电感耦合等离子体质谱法(ICP-MS)测定稀土元素时,轻稀土元素Ce、Nd、Sm的氧化物等复合离子严重干扰重稀土元素Tb、Dy、Ho、Er的测定,因此对混合稀土中重稀土元素进行测定前一般需要先对其分离富集。实验在样品溶解后,将N,N,N′,N′-四辛基-3-氧戊二酰胺(TODGA)用硅藻土吸附后装柱,以0.1 mol/L HNO₃为样品溶液介质上柱,通过控制洗脱液的种类、酸度以及洗脱液流速,实现了轻稀土元素La、Ce、Pr、Nd与重稀土元素Tb、Dy、Ho、Er、Tm、Yb、Lu的分离和富集,建立了ICP-MS测定混合稀土氧化物中重稀土元素的方法。实验表明:控制洗脱流速为2.0 mL/min,用pH 2.0的HNO₃淋洗至淋洗体积约为500 mL,继续收集洗脱液,并用ICP-MS检测其中Nd₂O₃含量,直至洗脱液中Nd₂O₃的质量浓度小于200 ng/mL,可将轻稀土元素La、Ce、Pr、Nd及少量Y、Sm、Gd洗脱;再改用350 mL 1 mol/L HCl洗脱重稀土元素,可实现重稀土元素与La、Ce、Pr、Nd及部分Y、Sm、Gd的分离;通过选择¹⁵⁹Tb、¹⁶³Dy、¹⁶⁵Ho、¹⁶⁷Er、¹⁶⁹Tm、¹⁷²Yb、¹⁷⁵Lu为测定同位素可消除质谱干扰。将实验方法应用于混合稀土氧化物中重稀土元素的测定,加标回收率在93%～110%之间,相对标准偏差(RSD,n=8)在1.1%～10%之间。

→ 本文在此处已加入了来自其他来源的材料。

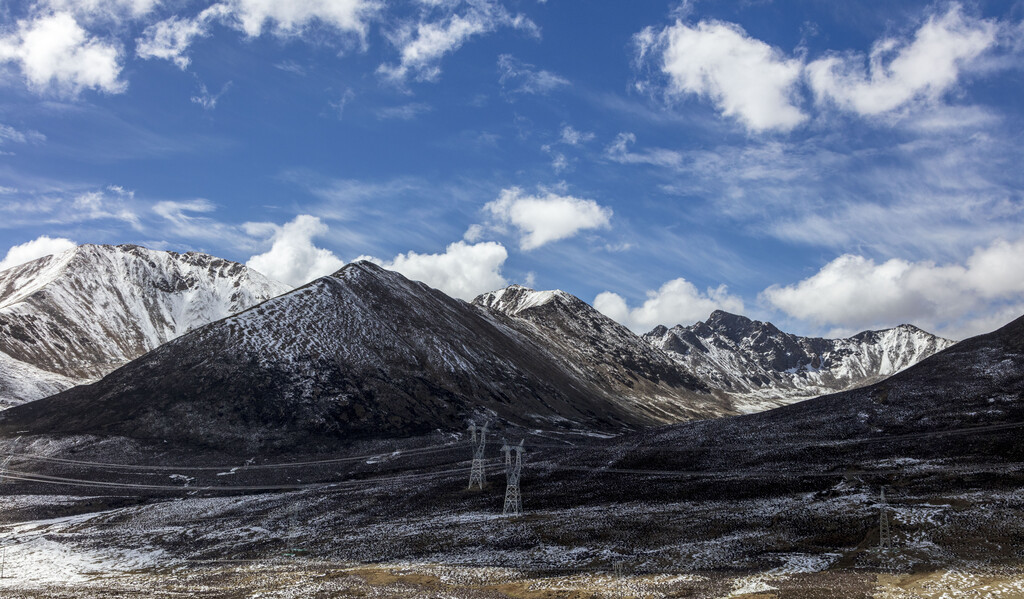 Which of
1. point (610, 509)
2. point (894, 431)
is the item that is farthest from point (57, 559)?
point (894, 431)

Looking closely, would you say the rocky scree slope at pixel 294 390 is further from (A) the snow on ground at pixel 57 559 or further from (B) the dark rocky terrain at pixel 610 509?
(A) the snow on ground at pixel 57 559

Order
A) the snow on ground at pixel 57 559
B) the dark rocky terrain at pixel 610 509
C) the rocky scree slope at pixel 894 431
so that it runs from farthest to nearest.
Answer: the rocky scree slope at pixel 894 431, the snow on ground at pixel 57 559, the dark rocky terrain at pixel 610 509

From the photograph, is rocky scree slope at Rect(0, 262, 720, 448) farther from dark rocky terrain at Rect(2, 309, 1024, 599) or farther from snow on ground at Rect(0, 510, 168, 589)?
snow on ground at Rect(0, 510, 168, 589)

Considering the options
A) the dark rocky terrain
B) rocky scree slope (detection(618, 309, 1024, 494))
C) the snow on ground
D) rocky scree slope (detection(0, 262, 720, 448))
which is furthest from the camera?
rocky scree slope (detection(0, 262, 720, 448))

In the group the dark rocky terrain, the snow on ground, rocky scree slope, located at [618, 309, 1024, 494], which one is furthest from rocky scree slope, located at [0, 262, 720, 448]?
rocky scree slope, located at [618, 309, 1024, 494]

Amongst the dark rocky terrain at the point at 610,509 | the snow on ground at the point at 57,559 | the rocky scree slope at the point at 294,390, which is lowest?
the snow on ground at the point at 57,559

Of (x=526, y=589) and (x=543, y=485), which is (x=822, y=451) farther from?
(x=526, y=589)

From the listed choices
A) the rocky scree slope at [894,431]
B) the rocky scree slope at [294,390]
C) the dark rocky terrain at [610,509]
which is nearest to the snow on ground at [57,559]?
the dark rocky terrain at [610,509]

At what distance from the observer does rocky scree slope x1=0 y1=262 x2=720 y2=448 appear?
453ft

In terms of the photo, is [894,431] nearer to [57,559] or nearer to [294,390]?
[57,559]

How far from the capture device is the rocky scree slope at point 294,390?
138m

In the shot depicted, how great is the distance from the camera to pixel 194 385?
14975 centimetres

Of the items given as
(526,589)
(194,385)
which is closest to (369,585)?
(526,589)

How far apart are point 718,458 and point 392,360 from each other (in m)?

Determination of heavy rare earths in mixed rare earth oxides by inductively coupled plasma mass spectrometry after separation with N,N,N′,N′-tetraoctyl-3-oxa-pentanediamide chromatographic column

During the determination of rare earth elements by inductively coupled plasma mass spectrometry (ICP-MS), the compound ions of oxides of light rare earths including Ce, Nd and Sm have serious interference with the determination of heavy rare earths including Tb, Dy, Ho and Er. Therefore, the heavy rare earths in mixed rare earths are usually separated and enriched before determination. N,N,N′,N′-tetraoctyldiglycolamide(TODGA) was adsorbed on diatomite then assembled to chromatographic column.After the sample was dissolved, the sample solution was immigrated on the chromatographic column with 0.1 mol/L HNO₃ as medium. The separation and enrichment of light rare earths including La, Ce, Pr and Nd from heavy rare earths including Tb, Dy, Ho, Er, Tm, Yb and Lu were realized by controlling the types, the acidity and the flow rate of eluant. Consequently, a determination method of heavy rare earths in mixed rare earth oxides by ICP-MS was established. The experimental results showed that, when the elution solution was collected and the content of Nd₂O₃ was determined by ICP-MS until the mass fraction of Nd₂O₃ in the elution was less than 200 ng/mL, the light rare earths including La, Ce, Pr, Nd and a part of Y, Sm, Gd could be eluted with HNO₃ solution at pH 2.0 until the elution volume was about 500 mL with the flow rate of eluant as 2.0 mL/min; then, the heavy rare earths were fully eluted with 350 mL of 1 mol/L HCl, realizing the separation of light rare earths (including La, Ce, Pr and Nd, and a part of Y, Sm and Gd) from heavy rare earths; the mass spectrometry interference could be eliminated by selecting ¹⁵⁹Tb, ¹⁶³Dy, ¹⁶⁵Ho, ¹⁶⁷Er, ¹⁶⁹Tm, ¹⁷²Yb and ¹⁷⁵Lu as determination isotopes. The proposed method was applied to the determination of heavy rare earth elements in mixed rare earth oxides. The recoveries were between 93% and 110%. The relative standard deviations (RSD,n=8) were between 1.1% and 10%.